**Required action**
Restate the listing word for word; omit the images.

**Material provided**

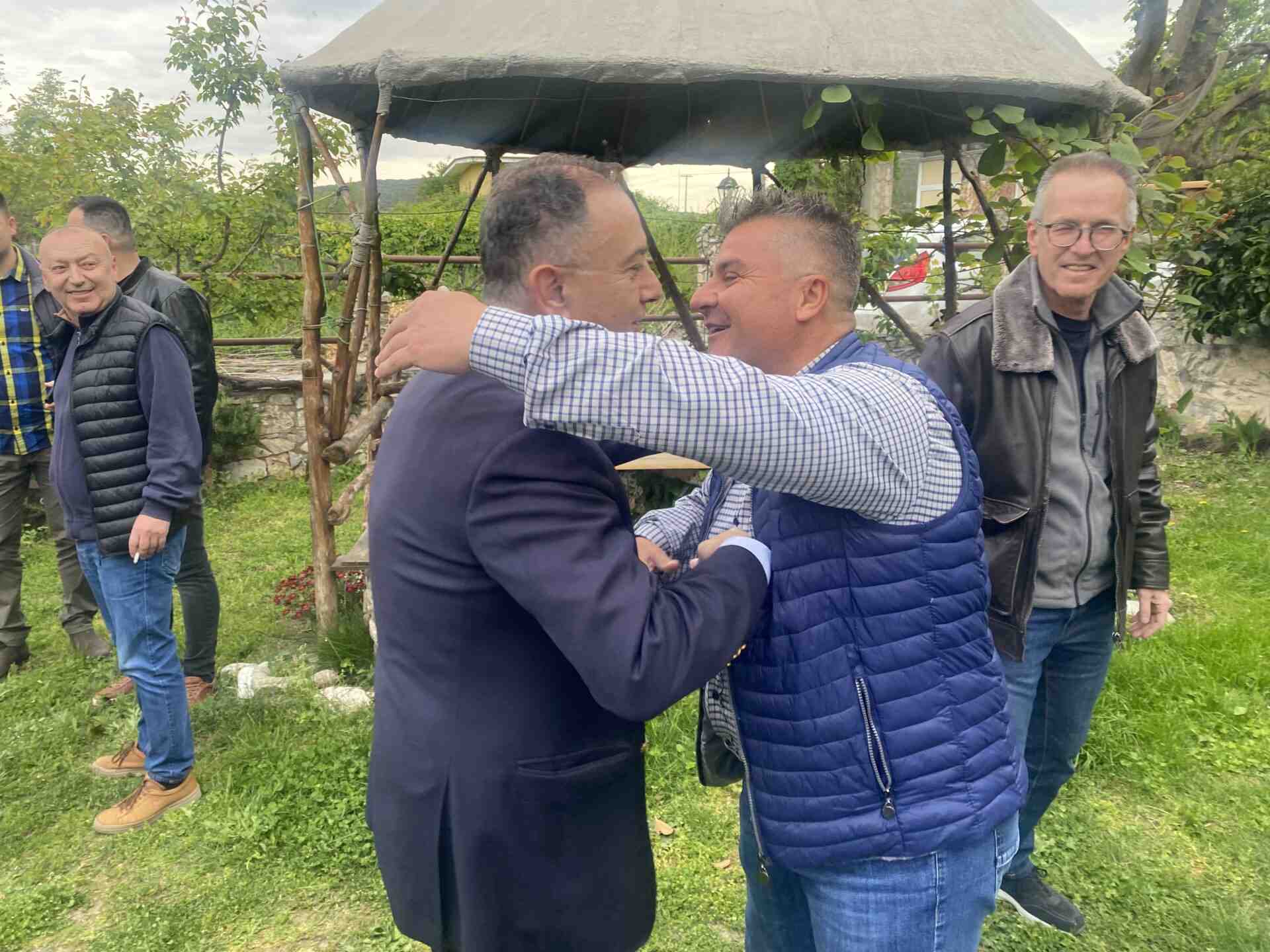 Κέλλας από Κεφαλόβρυσο, Βαλανίδα, Λουτρό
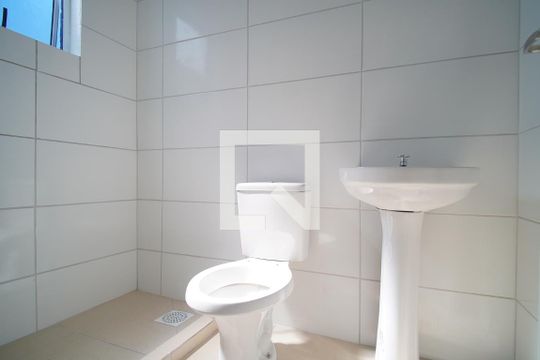 Banheiro de apartamento à venda com 2 quartos, 42m² em Feitoria, São Leopoldo
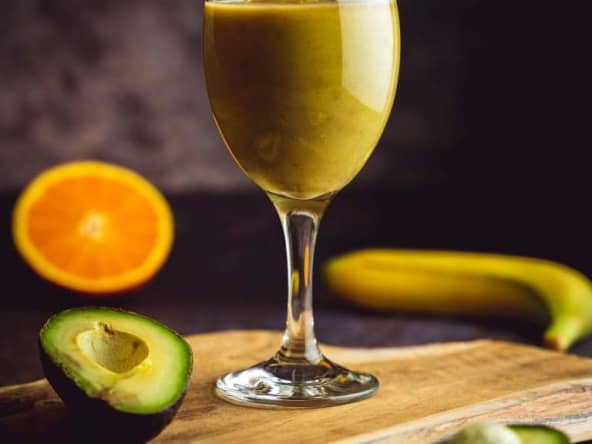 Smoothie avocat, orange et banane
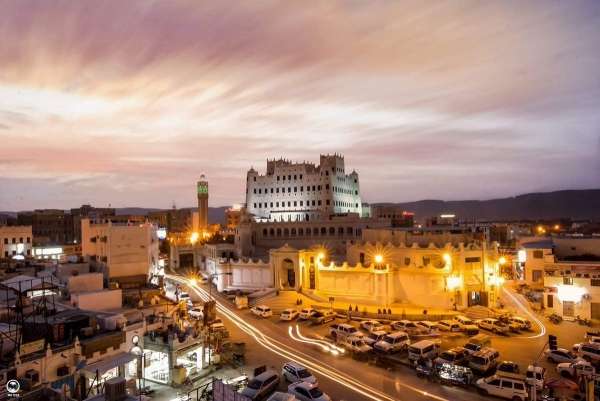 تعرف على الطريقة التي ظهرت فيها الوية العمالقة الجنوبية في مدينة سيئون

**Result**
 Κέλλας από Κεφαλόβρυσο, Βαλανίδα, Λουτρό
 Banheiro de apartamento à venda com 2 quartos, 42m² em Feitoria, São Leopoldo
 Smoothie avocat, orange et banane
 تعرف على الطريقة التي ظهرت فيها الوية العمالقة الجنوبية في مدينة سيئون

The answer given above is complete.